Do Large Language Models Mirror Human Brain Language Processing? Google’s Groundbreaking Findings

Overview

Google Research recorded cortical electrocorticography (ECoG) from participants engaged in natural, open‑ended conversations while they spoke and listened. Over 100 hours of neural data were collected. The speech‑to‑text large language model Whisper was run on the same audio, and three levels of internal representations were extracted for each word: low‑level acoustic embeddings, mid‑level phonetic embeddings, and high‑level lexical (word‑level) embeddings.

Methodology

For each word the researchers aligned the model embeddings with the ECoG signal in a time window from –2 s to +2 s relative to word onset. A linear encoding model (ridge regression) was trained on a subset of the data to map each embedding dimension to neural activity across electrodes. Model performance was evaluated on held‑out dialogue segments by computing the correlation between predicted and observed signals.

Key Findings

During speech perception, acoustic embeddings best predicted activity in the superior temporal gyrus (STG) shortly after the word was heard, whereas lexical embeddings peaked several hundred milliseconds later in Broca’s area (inferior frontal gyrus, IFG), reflecting semantic processing. During speech production the temporal order reversed: lexical embeddings predicted IFG activity ~500 ms before articulation, followed by acoustic embeddings predicting motor‑cortex activity as the phonetic plan was executed. The full temporal profile showed a sequence of planning in language areas, execution in motor areas, and auditory monitoring after speech.

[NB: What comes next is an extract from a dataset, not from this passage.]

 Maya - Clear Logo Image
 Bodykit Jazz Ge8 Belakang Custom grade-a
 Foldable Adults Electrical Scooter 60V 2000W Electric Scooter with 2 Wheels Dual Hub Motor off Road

Quantitatively, the encoding model achieved peak Pearson correlations of ~0.3–0.4 for the best electrodes, and the latency of the peak prediction matched known neurophysiological timings (STG ≈ 100 ms, IFG ≈ 300–500 ms).

Implications

The results demonstrate that embeddings from a speech‑to‑text LLM trained solely for transcription capture statistical regularities that align with human cortical dynamics during natural language processing. This provides a concrete computational framework for linking artificial neural network representations to brain activity, and suggests that large models can serve as proxies for studying the neural basis of language.

Related Work

Nature Neuroscience (2022) showed that human listeners predict upcoming words and that prediction confidence modulates post‑onset surprise.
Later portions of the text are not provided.